January 17, 2019

Whither Fragility? Dual Momentum GEM

Corey Hoffstein of Newfound Research recently wrote an article called, “Fragility Case Study: Dual Momentum GEM.” Corey starts out saying my dual momentum approach is the strategy he sees implemented the most among do-it-yourself tactical investors. Corey then said several investors bemoaned that GEM kept them invested in the stock market during the last quarter of 2018. It signaled them out of the S&P 500 at the beginning of January after the market was in a drawdown. This caused them to no longer follow the GEM signals as given.

Corey’s solution is to advocate the use of multiple lookback periods to reduce the chance of “bad luck.” He showed the performance of seven monthly lookback periods ranging from 6 to 12 months. He presented a composite of those lookbacks that create seven different GEM models instead of the usual one with a 12-month lookback.

Corey argued that his approach would reduce specification risk. He says this is important because “performance differences due to model specification are not expected to mean revert and are therefore expected to be random but very permanent return artifacts.”

This may be true over the short-run. You cannot expect poor recent performance to be immediately followed by good performance. (We will ignore the fact that stocks are short-term mean reverting.) But neither can you expect poor performance to follow poor performance. Each monthly return from momentum investing is independent but with a positive expected value. Otherwise, you would not do momentum investing.

Expected Value

Say you flip a coin three times, and it comes up heads every time.  You cannot say what the outcome will be over the next 3 tosses since they are independent. But the law of large numbers says that over time your results will approach 50/50. As you accumulate more coin tosses, your results should converge to the 50/50 expected value of each coin toss.

Let us say you want heads to appear and you have a fair coin with a 50/50 chance of heads coming up. You have another coin that has a 60% chance of heads coming up. You would always want to use the second coin. This is true even though your short-term results might seem random. You wouldn’t split your wagers between the two coins. You would choose the one that gives the best expected results. The same is true with investing. If you have an expected edge from a particular strategy, you should favor that strategy.

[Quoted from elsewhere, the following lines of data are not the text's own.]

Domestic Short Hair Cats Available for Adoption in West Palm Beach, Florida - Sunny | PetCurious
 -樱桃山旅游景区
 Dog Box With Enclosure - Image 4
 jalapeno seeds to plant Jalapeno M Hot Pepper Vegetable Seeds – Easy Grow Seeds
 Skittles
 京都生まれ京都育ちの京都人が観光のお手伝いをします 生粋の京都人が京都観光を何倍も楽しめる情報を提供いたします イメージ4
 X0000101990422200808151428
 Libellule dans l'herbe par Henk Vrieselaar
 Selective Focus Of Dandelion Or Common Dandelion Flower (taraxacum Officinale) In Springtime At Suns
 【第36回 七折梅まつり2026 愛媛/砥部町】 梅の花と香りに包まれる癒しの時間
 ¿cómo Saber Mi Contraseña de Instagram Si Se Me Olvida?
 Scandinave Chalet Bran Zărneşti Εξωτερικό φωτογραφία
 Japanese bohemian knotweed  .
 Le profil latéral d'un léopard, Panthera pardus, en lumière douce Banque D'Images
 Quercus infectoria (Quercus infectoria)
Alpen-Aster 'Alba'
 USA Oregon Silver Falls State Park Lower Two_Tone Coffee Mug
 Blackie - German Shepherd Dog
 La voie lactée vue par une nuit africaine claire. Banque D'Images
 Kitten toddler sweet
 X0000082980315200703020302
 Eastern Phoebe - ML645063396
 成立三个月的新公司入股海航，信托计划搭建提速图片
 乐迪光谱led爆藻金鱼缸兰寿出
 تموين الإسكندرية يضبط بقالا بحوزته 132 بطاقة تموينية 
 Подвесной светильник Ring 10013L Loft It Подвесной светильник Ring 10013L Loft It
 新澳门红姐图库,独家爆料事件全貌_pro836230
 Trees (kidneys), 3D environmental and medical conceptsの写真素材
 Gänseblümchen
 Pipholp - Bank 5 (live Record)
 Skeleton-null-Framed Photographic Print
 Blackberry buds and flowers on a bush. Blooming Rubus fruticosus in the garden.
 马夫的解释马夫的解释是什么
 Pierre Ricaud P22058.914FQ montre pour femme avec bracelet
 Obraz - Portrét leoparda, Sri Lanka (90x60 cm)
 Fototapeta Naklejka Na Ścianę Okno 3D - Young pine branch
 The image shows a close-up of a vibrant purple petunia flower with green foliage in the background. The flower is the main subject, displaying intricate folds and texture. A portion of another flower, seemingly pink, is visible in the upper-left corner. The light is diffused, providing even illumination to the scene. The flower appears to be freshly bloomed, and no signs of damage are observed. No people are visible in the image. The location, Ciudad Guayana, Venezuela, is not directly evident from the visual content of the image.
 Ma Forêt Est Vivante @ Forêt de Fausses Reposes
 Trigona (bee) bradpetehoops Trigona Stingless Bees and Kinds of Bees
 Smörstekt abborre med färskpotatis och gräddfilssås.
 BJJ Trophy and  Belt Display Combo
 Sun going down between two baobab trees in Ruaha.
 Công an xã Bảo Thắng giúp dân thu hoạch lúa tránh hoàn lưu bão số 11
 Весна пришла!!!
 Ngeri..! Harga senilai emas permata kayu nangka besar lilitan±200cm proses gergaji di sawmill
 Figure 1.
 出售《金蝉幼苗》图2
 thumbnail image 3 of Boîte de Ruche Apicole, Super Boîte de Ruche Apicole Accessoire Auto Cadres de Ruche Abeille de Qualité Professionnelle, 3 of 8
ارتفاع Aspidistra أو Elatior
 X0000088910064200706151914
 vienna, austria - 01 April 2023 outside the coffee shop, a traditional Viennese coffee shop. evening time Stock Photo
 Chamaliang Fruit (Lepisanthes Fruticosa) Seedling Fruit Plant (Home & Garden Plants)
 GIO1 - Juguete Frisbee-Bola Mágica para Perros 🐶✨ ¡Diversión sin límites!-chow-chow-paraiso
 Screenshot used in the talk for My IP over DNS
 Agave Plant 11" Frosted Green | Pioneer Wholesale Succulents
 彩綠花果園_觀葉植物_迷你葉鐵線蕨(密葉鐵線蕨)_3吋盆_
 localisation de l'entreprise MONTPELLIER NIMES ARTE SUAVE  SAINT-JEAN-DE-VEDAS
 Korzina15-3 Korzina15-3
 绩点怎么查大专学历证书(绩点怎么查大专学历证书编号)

You might be able to smooth short-term volatility some by using multiple lookback models, but at what opportunity cost?   Betting red and black simultaneously in roulette will dramatically reduce your variability, but it is not a smart bet. You need to consider expected value as well as diversification.

Corey’s argument is that all lookbacks are equal and any differences among them are statistical noise. (He bases this on only 10 years of past data.) So you might as well pool them together and exploit the perceived benefits of diversification. But Corey’s choice of 6 to 12-month lookback periods shows selection bias. They are not random choices. These lookbacks have worked well in past momentum studies. They are highly correlated, which undermines tests of their statistical inferences.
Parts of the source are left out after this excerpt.